In Notocaryoturbella bigermaria, Otoplana truncaspina and Paroto-planella heterorhabditica three types of epidermal receptors are recognized. Type I: with a single cilium running in a duct, piercing the distal dendrite process of the receptor. The internal wall of the dendrite process has eight ridges with longitudinal filaments lying inside them. The ciliary basal body lacks a longitudinal rootlet but is encircled by a thin annular formation. Type II: with a single (A) or several (B) cilia which protrude from the outer epithelial surface and are provided with a large and striped rootlet. Both types are considered as mechanoreceptors. Type III: with two or more short and stumpy cilia devoid of rootlets and displaying the usual 9 + 2 pattern in the proximal part only. They are considered as chemoreceptors.

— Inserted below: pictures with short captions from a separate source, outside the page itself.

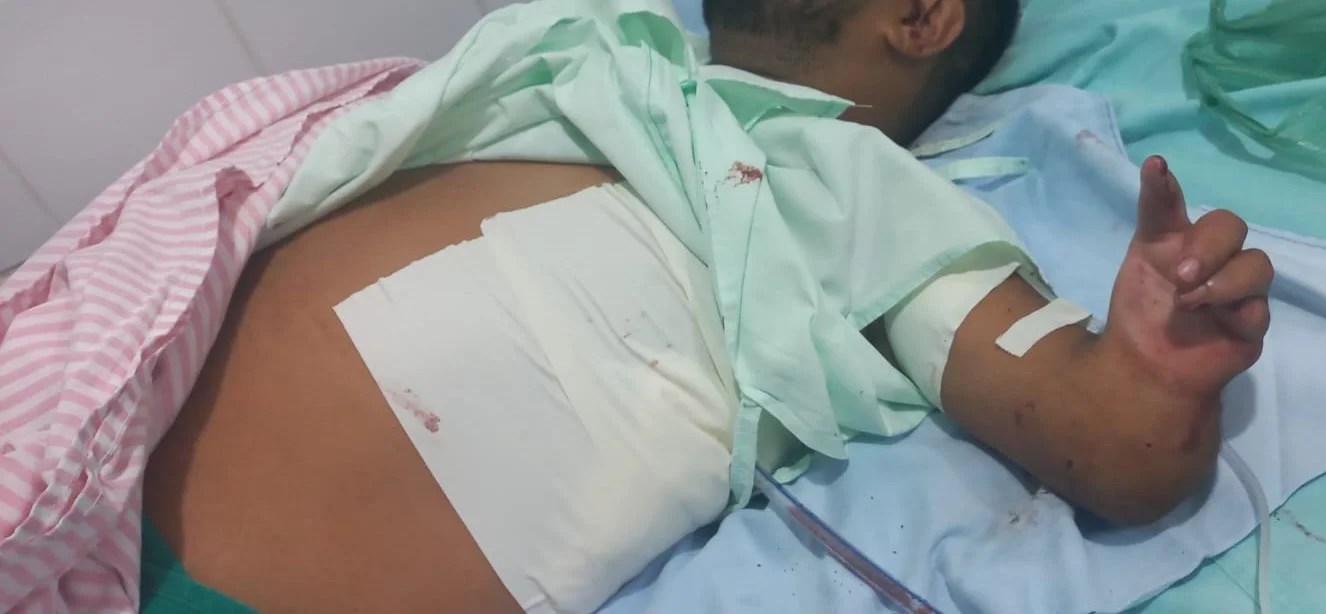 Homem é esfaqueado pela companheira no Pará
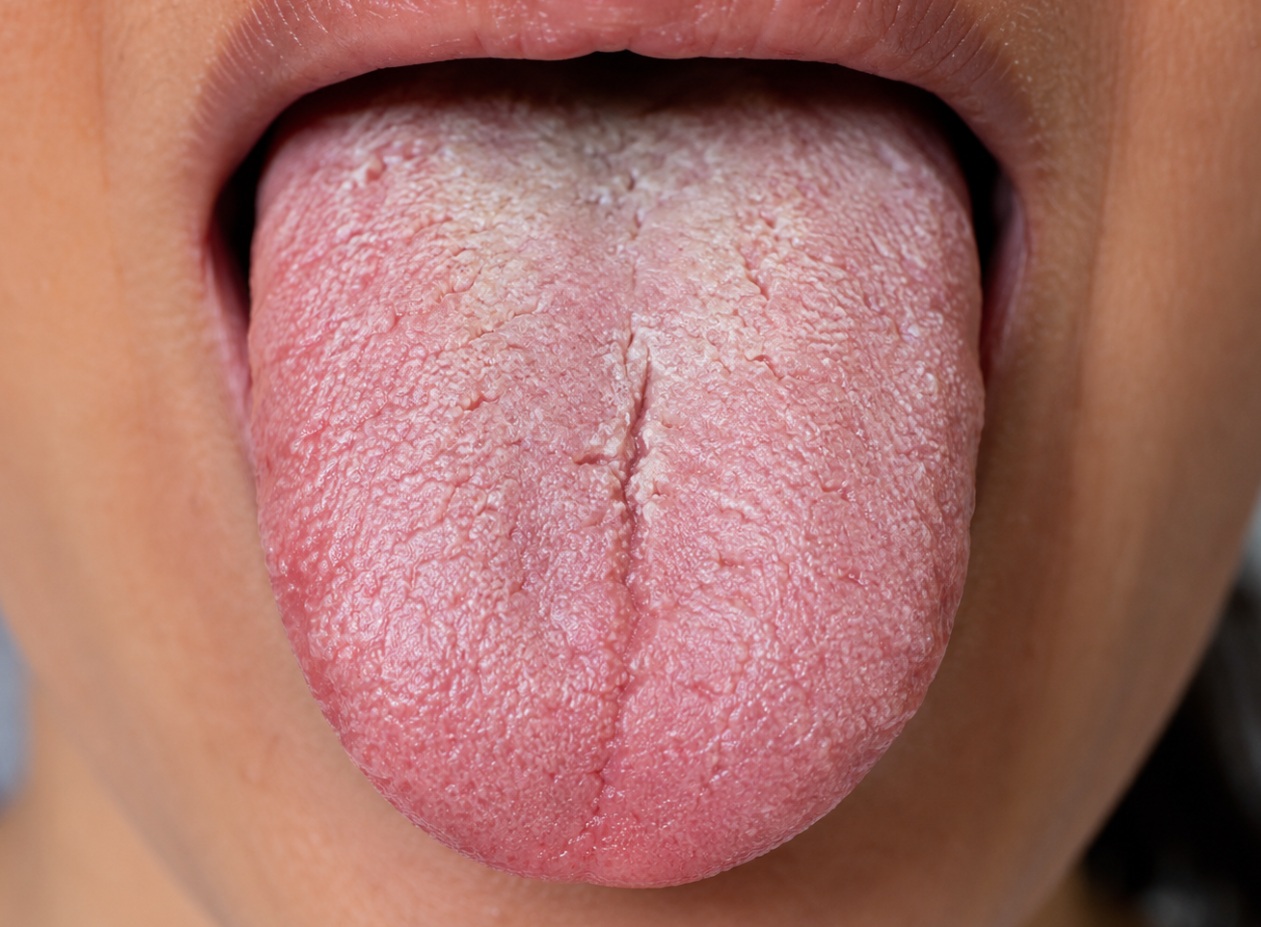A tongue shows signs of dry mouth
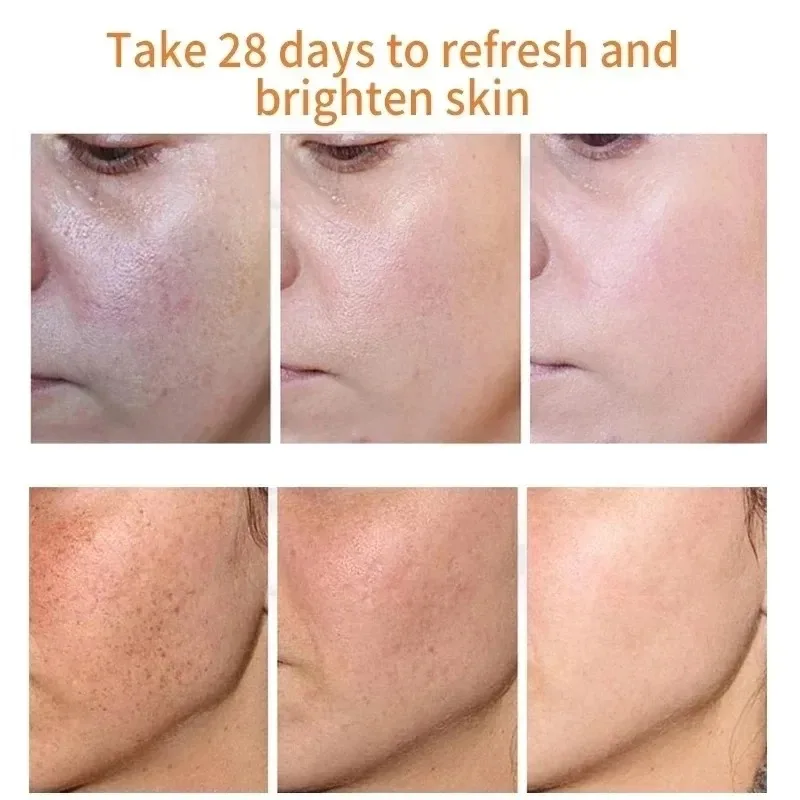 Fades Freckle Dark Spots Face  - огляд і ціна Charcoal Whitening Paste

The ciliary-cone sensory cell of anemones and cerianthids

An ultrastructural study of the tentacles of Stomphia and of Ceriantheopsis has revealed that the so-called 'ciliary-cone sensory cell' consists of a cluster of five to seven apparent receptors rather than just one cell as reported previously. At the center of a cluster is a single cell, whose dendrite bears one cilium surrounded by about ten large stereocilia. Surrounding this cell are a number of peripheral cells whose dendrites bear large numbers of small stereocilia and, in Ceriantheopsis, one cilium. The sensory apparatuses of all cells in a cluster unite to form a single unit projecting above the tissue surface: the ciliary cone. Their possible physiological role is discussed in relation to new behavioural observations.